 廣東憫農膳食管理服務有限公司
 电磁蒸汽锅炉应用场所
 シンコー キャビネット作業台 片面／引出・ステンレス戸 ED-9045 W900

▶ [Exercise description]:
Down to the final line, the data above must be copied exactly.

▶ [Task response]:
 廣東憫農膳食管理服務有限公司
 电磁蒸汽锅炉应用场所
 シンコー キャビネット作業台 片面／引出・ステンレス戸 ED-9045 W900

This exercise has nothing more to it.